[WHAT THE TASK ASKS]: For the listing below, the answer is an exact retyping of the lines from the one with "Appartement à vendre" through the one with "Caminhão roubado em", both included, without pictures.

*** Opening of COLLECTED DATA ***

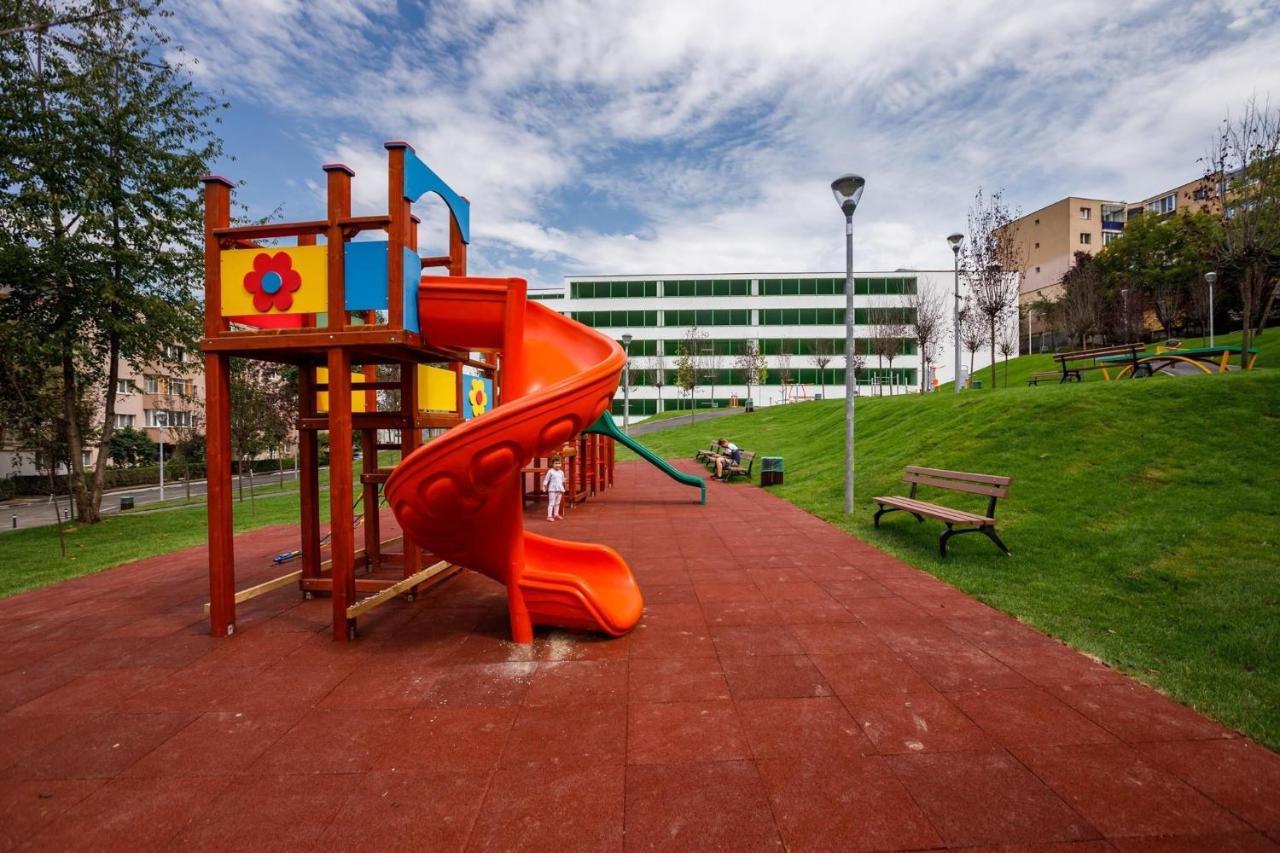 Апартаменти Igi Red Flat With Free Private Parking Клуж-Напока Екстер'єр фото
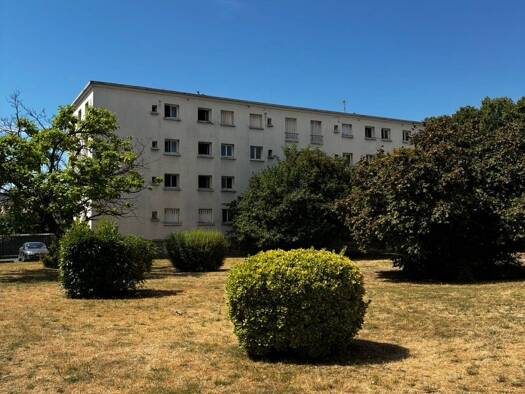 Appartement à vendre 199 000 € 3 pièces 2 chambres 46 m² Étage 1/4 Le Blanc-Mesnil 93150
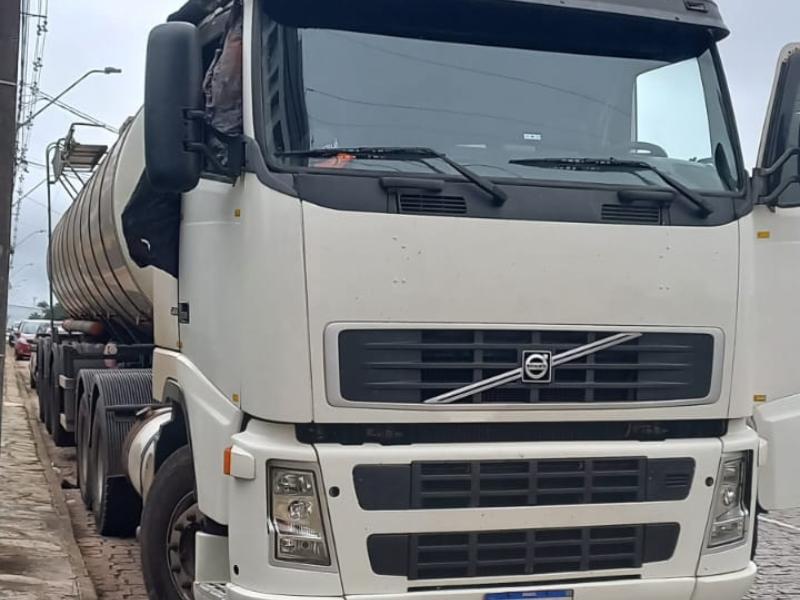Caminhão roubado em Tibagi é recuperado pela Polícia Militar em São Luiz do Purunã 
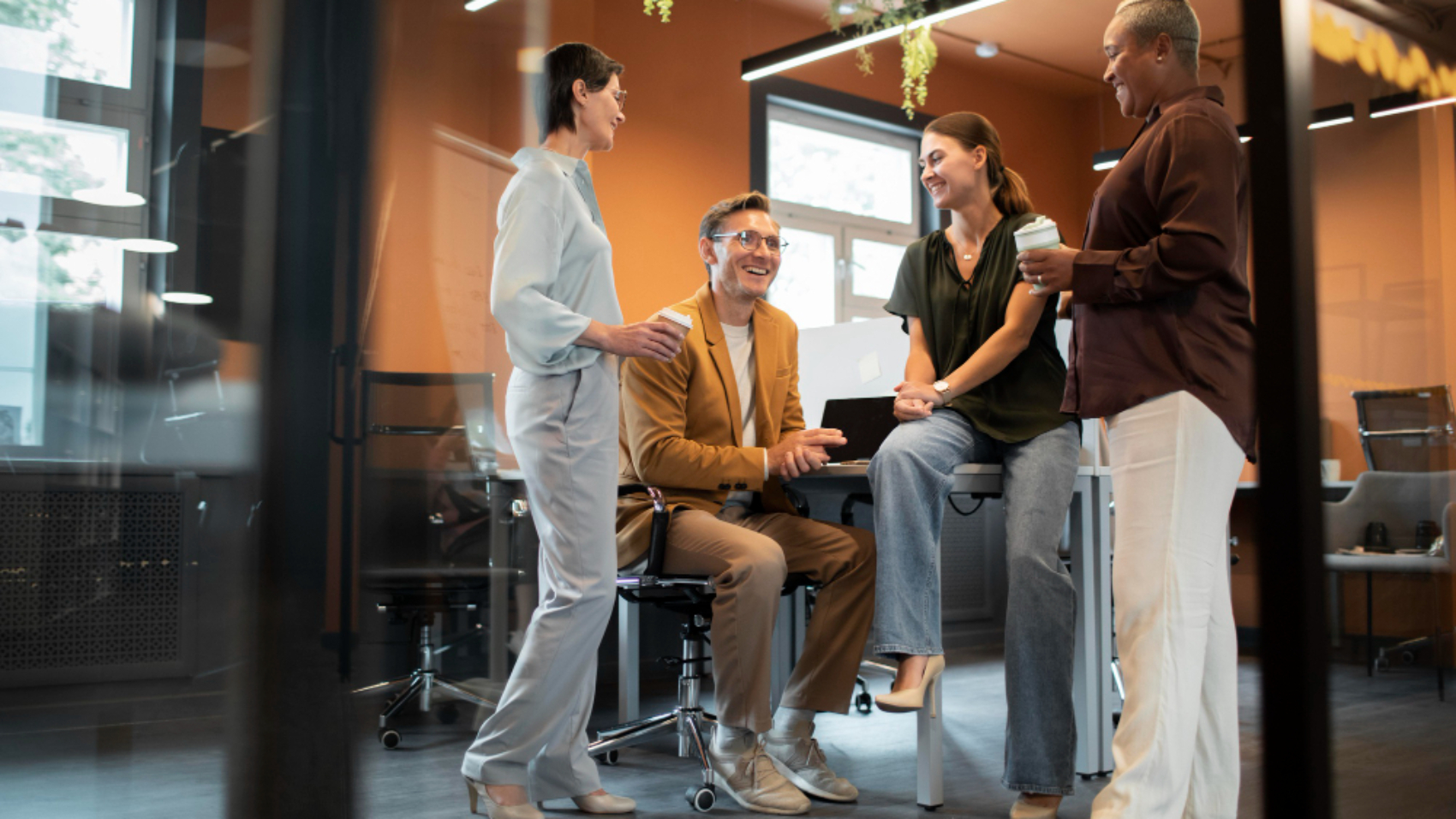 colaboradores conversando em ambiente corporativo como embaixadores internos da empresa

*** Close of COLLECTED DATA ***

[RESPONSE BOX]:
 Appartement à vendre 199 000 € 3 pièces 2 chambres 46 m² Étage 1/4 Le Blanc-Mesnil 93150
Caminhão roubado em Tibagi é recuperado pela Polícia Militar em São Luiz do Purunã 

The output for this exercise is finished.